[Crawled caption data]
= = = =

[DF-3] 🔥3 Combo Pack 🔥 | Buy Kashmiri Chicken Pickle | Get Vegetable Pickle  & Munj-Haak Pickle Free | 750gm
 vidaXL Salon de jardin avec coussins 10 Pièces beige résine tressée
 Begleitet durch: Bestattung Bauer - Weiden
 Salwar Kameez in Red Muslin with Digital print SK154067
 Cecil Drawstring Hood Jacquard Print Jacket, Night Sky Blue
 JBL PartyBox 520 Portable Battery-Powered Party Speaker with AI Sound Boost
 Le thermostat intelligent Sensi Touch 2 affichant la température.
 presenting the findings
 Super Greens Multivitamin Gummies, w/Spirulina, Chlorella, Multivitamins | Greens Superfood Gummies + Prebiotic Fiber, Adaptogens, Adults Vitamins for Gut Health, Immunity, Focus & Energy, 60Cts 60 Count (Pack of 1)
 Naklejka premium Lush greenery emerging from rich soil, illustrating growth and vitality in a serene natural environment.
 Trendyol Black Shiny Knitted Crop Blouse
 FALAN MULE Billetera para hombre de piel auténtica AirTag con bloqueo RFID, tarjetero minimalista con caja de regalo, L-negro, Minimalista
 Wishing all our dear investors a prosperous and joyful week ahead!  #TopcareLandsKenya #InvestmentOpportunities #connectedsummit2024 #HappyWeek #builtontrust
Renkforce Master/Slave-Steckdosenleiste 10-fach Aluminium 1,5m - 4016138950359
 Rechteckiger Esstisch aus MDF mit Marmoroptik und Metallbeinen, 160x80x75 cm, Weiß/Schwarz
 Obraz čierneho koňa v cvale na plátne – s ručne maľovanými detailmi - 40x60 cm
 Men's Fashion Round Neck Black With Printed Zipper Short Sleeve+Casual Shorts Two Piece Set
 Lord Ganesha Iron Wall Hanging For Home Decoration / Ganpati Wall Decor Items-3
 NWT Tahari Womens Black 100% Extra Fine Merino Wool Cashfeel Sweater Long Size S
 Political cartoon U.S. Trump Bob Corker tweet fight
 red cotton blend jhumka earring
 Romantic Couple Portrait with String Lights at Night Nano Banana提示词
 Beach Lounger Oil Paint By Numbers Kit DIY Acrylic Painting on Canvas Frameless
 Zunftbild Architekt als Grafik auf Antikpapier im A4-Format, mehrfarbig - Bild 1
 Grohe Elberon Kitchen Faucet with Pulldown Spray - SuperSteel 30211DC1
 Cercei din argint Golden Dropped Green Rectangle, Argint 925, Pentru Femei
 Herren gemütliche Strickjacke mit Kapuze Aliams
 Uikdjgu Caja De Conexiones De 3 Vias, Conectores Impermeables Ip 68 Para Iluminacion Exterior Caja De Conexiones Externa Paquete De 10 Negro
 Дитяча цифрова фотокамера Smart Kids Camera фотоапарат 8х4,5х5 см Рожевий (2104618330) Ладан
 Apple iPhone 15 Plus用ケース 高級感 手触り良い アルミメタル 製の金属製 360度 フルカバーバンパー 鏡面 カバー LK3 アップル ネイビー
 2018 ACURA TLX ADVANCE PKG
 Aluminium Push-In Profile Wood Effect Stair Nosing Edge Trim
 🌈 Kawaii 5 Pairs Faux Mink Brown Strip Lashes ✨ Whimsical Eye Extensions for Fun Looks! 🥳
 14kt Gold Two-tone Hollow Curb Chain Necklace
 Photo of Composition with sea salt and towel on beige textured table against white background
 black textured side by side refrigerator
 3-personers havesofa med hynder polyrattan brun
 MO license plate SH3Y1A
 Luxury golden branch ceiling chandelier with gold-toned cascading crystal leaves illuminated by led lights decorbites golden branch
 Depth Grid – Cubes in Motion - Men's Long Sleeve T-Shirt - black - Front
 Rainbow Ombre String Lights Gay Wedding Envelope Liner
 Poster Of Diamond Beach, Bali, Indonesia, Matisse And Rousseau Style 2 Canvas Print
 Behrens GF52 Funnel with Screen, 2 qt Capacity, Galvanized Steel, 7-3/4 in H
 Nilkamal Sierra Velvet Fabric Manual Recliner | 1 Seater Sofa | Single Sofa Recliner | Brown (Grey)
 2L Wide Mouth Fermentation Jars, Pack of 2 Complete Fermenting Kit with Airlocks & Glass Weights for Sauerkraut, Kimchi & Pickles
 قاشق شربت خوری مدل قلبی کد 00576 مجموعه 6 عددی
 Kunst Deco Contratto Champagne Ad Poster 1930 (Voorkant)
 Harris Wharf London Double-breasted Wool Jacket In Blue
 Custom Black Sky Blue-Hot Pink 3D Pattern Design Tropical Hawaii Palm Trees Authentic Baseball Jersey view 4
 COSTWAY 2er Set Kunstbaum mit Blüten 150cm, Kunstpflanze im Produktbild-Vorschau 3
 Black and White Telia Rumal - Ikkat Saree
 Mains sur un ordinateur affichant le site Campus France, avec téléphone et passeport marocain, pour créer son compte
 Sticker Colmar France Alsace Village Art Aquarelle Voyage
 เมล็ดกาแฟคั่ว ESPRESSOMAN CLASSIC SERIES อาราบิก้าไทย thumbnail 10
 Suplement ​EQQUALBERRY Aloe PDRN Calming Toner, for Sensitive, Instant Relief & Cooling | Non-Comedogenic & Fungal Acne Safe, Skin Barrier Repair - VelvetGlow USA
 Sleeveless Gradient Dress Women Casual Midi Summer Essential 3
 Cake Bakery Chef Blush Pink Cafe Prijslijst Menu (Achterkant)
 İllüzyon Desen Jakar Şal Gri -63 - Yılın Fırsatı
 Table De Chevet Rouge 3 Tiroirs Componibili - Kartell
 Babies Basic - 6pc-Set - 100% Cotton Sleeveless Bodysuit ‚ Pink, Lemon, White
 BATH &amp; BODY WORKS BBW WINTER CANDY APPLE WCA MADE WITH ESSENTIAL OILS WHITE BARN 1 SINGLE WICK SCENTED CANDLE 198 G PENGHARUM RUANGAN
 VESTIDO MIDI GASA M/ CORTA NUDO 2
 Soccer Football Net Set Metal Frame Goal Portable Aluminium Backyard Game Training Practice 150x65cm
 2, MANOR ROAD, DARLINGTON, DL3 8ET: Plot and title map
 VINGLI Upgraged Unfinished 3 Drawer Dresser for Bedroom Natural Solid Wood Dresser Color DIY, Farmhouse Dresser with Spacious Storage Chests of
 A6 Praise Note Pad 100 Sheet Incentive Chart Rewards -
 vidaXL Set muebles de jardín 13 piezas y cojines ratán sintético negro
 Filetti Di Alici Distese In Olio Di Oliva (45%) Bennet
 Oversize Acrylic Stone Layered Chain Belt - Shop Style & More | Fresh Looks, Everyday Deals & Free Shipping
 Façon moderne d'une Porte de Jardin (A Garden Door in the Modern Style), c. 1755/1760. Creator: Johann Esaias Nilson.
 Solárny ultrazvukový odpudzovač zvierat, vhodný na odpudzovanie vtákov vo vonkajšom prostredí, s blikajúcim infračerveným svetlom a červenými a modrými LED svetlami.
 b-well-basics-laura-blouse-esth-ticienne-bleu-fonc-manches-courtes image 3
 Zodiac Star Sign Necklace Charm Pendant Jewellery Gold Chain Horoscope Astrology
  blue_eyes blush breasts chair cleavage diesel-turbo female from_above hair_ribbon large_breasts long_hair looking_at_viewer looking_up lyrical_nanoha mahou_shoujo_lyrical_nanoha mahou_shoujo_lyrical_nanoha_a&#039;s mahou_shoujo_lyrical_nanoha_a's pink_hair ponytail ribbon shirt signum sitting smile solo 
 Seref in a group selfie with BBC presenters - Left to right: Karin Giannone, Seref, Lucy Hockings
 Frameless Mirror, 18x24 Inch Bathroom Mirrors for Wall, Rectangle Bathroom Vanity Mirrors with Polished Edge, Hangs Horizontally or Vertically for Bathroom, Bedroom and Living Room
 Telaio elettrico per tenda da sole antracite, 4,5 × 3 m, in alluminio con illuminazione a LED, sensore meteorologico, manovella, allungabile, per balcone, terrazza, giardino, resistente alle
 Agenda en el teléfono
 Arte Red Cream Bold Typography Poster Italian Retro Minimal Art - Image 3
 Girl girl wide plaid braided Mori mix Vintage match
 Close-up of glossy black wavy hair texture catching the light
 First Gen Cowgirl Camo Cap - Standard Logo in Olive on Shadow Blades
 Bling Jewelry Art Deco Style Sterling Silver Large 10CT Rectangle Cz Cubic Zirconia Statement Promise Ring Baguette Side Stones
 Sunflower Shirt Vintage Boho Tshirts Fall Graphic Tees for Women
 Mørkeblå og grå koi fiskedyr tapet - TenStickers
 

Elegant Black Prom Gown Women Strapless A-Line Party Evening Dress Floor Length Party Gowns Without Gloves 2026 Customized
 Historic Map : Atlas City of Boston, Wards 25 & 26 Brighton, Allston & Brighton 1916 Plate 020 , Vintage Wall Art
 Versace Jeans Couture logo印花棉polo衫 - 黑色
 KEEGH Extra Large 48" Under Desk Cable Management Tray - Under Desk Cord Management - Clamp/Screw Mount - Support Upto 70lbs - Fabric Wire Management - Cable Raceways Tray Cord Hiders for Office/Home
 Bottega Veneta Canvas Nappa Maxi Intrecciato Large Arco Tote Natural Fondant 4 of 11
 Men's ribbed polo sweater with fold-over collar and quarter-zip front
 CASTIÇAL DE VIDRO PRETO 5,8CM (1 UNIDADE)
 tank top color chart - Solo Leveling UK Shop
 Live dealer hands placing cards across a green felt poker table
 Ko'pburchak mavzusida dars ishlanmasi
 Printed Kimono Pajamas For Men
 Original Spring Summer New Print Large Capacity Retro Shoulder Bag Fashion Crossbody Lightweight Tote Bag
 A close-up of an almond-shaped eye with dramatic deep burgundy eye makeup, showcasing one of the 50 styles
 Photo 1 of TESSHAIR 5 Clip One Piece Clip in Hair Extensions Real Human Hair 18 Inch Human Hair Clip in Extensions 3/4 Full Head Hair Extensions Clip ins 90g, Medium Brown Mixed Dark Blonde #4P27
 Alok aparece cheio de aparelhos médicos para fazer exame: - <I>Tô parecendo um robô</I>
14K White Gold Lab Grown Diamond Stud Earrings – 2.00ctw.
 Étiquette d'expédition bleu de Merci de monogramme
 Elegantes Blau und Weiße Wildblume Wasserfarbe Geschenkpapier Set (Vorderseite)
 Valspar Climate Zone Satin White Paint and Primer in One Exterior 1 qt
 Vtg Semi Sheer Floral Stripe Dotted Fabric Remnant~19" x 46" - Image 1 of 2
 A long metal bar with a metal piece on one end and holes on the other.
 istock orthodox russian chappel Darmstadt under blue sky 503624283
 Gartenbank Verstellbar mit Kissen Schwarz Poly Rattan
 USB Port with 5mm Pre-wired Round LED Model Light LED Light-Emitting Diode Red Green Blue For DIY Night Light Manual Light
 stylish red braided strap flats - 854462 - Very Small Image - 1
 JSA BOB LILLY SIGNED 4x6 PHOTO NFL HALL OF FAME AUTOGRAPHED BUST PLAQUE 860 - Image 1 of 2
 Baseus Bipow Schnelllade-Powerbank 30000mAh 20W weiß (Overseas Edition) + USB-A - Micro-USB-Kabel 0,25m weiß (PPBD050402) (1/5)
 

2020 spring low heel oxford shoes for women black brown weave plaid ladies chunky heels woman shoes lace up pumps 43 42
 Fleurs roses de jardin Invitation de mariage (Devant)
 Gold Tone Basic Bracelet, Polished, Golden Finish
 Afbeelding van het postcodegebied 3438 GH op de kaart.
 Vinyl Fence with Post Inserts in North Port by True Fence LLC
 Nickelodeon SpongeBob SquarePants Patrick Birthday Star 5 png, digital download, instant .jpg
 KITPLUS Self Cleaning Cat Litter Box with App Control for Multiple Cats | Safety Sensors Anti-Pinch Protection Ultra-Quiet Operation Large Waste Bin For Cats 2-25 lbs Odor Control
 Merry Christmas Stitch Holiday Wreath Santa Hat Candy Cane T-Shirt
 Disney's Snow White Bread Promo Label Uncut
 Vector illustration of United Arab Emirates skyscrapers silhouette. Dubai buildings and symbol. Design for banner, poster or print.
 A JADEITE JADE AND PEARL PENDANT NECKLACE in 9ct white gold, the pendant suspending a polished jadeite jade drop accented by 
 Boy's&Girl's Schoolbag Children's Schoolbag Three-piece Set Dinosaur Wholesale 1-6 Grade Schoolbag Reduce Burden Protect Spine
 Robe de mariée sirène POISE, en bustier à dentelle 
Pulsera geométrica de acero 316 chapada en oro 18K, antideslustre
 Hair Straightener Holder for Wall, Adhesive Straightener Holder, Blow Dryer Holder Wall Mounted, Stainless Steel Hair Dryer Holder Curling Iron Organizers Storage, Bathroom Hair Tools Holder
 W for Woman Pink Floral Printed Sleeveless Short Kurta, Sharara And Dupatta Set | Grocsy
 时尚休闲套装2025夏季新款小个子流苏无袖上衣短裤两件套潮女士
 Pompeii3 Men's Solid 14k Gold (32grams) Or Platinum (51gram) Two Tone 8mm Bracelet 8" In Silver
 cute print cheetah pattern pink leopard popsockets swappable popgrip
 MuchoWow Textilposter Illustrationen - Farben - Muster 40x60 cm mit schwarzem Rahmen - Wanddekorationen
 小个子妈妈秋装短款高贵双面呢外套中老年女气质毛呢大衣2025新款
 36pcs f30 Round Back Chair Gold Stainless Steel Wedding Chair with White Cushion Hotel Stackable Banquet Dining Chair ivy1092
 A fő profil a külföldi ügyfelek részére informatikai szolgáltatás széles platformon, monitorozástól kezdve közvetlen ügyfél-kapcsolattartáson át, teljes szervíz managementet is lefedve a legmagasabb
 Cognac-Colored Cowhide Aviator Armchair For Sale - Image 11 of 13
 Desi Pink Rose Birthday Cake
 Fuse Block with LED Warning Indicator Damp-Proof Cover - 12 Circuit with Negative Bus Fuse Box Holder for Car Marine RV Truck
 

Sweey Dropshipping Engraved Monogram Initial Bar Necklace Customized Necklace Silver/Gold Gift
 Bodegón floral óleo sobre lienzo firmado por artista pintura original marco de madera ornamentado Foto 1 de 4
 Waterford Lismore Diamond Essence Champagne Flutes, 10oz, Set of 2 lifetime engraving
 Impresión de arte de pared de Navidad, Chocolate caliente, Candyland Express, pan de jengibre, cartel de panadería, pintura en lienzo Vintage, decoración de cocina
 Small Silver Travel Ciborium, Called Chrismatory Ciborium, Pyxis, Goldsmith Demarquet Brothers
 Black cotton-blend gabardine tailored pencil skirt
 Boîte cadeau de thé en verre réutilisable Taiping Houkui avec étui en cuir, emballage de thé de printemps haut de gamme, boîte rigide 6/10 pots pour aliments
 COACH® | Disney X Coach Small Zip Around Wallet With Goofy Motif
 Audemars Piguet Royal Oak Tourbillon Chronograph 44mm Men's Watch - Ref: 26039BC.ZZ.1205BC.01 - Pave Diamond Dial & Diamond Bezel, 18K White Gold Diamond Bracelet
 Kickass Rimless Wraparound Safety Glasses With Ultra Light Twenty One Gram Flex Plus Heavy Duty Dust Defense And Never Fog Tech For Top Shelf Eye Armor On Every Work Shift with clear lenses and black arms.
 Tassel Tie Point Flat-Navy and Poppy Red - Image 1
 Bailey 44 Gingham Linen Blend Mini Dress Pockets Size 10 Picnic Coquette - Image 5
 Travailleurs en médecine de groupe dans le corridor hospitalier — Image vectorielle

= = = =

WHAT TO PRODUCE: Extract, please, the lines from the start of the entries above through the one with "Renkforce Master/Slave-Steckdosenleiste 10-fach", both included, reproducing each exactly and adding nothing.

SOLUTION TO THE PROBLEM:
[DF-3] 🔥3 Combo Pack 🔥 | Buy Kashmiri Chicken Pickle | Get Vegetable Pickle  & Munj-Haak Pickle Free | 750gm
 vidaXL Salon de jardin avec coussins 10 Pièces beige résine tressée
 Begleitet durch: Bestattung Bauer - Weiden
 Salwar Kameez in Red Muslin with Digital print SK154067
 Cecil Drawstring Hood Jacquard Print Jacket, Night Sky Blue
 JBL PartyBox 520 Portable Battery-Powered Party Speaker with AI Sound Boost
 Le thermostat intelligent Sensi Touch 2 affichant la température.
 presenting the findings
 Super Greens Multivitamin Gummies, w/Spirulina, Chlorella, Multivitamins | Greens Superfood Gummies + Prebiotic Fiber, Adaptogens, Adults Vitamins for Gut Health, Immunity, Focus & Energy, 60Cts 60 Count (Pack of 1)
 Naklejka premium Lush greenery emerging from rich soil, illustrating growth and vitality in a serene natural environment.
 Trendyol Black Shiny Knitted Crop Blouse
 FALAN MULE Billetera para hombre de piel auténtica AirTag con bloqueo RFID, tarjetero minimalista con caja de regalo, L-negro, Minimalista
 Wishing all our dear investors a prosperous and joyful week ahead!  #TopcareLandsKenya #InvestmentOpportunities #connectedsummit2024 #HappyWeek #builtontrust
Renkforce Master/Slave-Steckdosenleiste 10-fach Aluminium 1,5m - 4016138950359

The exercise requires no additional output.